Why Republicans Failed
For Hispanic Republican leaders and campaign advisers, three main factors injured the Republicans in their goal of gaining Hispanic votes -- inadequate outreach, a damaged Republican brand, and the extremely negative economic climate. One factor that was not a problem, they said, was Sen. John McCain himself, the party's standard bearer.
Danny Vargas, chairman of the Republican National Hispanic Assembly, said, "I still think we had a fantastic candidate in John McCain." He added that McCain has "always been a friend to the Hispanic community. He was a leader in some of the issues we cared about."
Hector Barajas, communication director for the California Republican Party, concurred.
"In this particular election we had a great advocate for the Latino community in Sen. John McCain," he said.
Lionel Sosa, a long-standing adviser to many Republican presidential campaigns, dating back to the 1980s and President Ronald Reagan, emphasized what he called the "damaged Republican brand." He noted that discontent with the war and very low approval ratings for President Bush combined with Hispanic dismay over the tone of the debate in the Republican primaries over immigration policy drove Hispanics from the party.
Over and over again, Republican Hispanic leaders emphasized the negative impact of Republican rhetoric around immigration issues. Nonpartisan surveys too revealed that Hispanic voters were overwhelming concerned about the issue of immigration. Bendixen and Associates, a Miami-based marketing research company that often addressee Hispanic issues, polled voters just prior to the national election. Its numbers reveal that 51 percent of U.S.-born Hispanics thought the issue of immigration was "very important," while an additional 40 percent thought it was "somewhat important."
Mr. Barajas agreed. "Immigration is a very important issue for Latinos," he said. "Every Latino, whether you are a U.S. citizen, whether you are the second generation, we all tend to know someone who has gone through the immigration maze."
Sergio Bendixen, head of Bendixen and Associates, summarized the research saying, "the immigration issue was important to all Hispanic groups and united them in the ways they framed this election." In his estimation, immigration was not the whole story, but worked in a dynamic way with other issues to shove Hispanics toward the Democratic Party.

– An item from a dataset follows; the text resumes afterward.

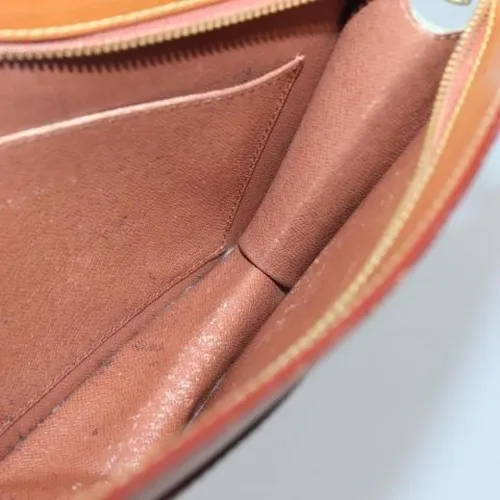Pre-owned Leather clutches - Louis Vuitton Vintage - Modalova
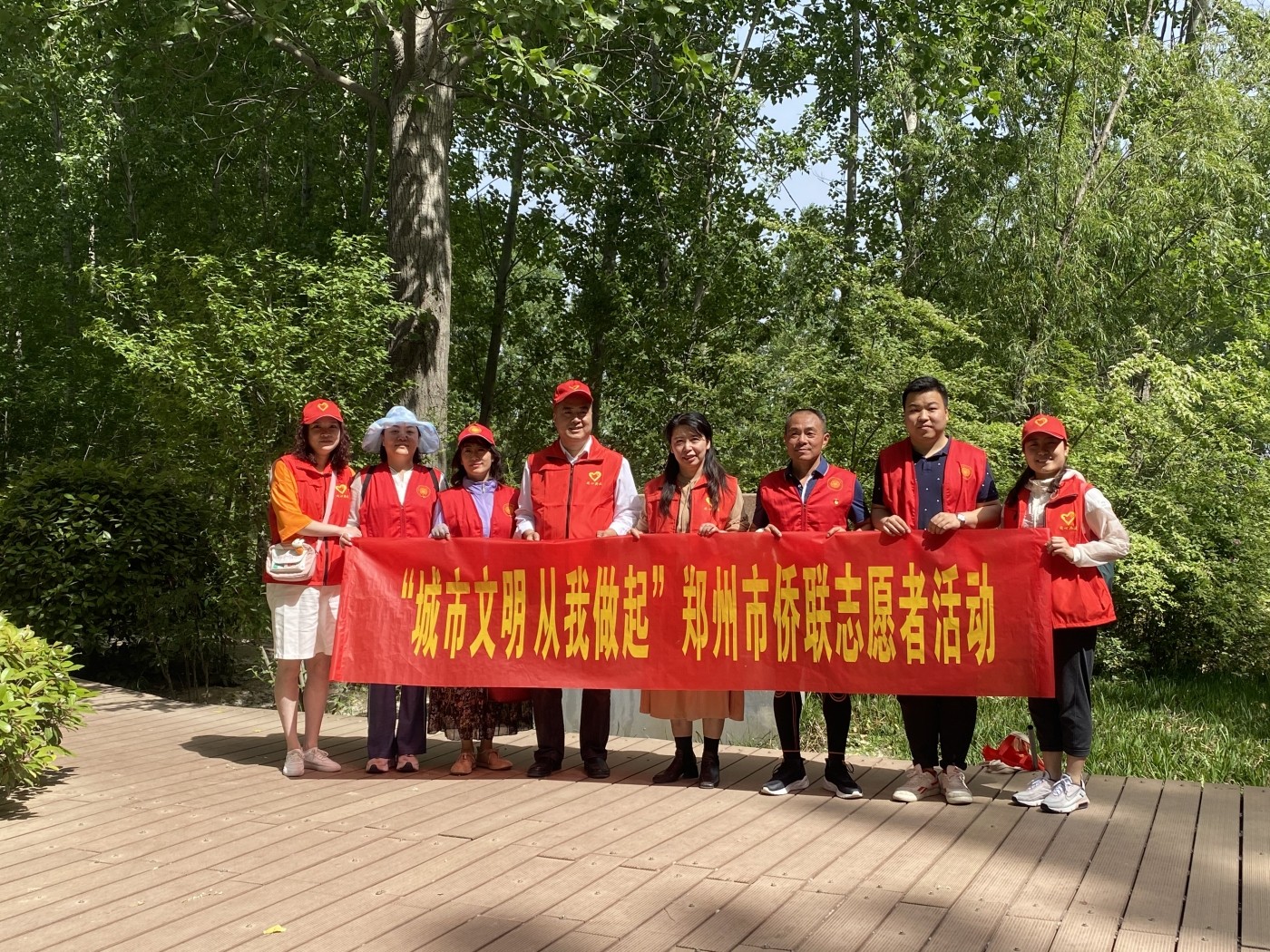 志愿活动合影.jpg 志愿活动合影.jpg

"We feel that [immigration] is the issue that got their attention in this campaign, the issue that got them voting heavily in the primaries. But later on," Mr. Bendixen added, "the economy and health care became extremely important. But immigration played a very important role in getting them to reject the Republican Party and to begin the movement toward the Democratic Party by voting first for Hillary Clinton and then later for Obama in the final vote."
More than any specific policy, however, it was the tone of the immigration debate that offended many Hispanics. Mr. Guerra said that while some Hispanic Republicans supported a so-called "law and order" approach to immigration policy, even they "were turned off by the discourse." They were offended by "the way it Hispanics were being demonized."
Fernand Amandi, executive vice-president at Bendixen and Associates, made an even stronger case for the injuries that the immigration policy has inflicted upon the Republicans. He said, "The Republican Party embraced an almost suicidal posture when it came to the immigration issue. I think will cause long-lasting damage to their brand in the minds of Hispanic voters."
Mr. Armand concluded, "Why the Republican Party conscientiously alienated the fastest-growing segment of the electorate is a mystery wrapped in a riddle inside of an enigma."
To go forward, said Mr. Guerra, the Republican Party is going to have to resolve this issue. "And it needs to be done in a way that does not alienate Hispanics who are here and who are voting." The party must do this to protect its political future.
"Because if they don't turn that sentiment around," he said, "they will continue to get this kind of low margin in the vote."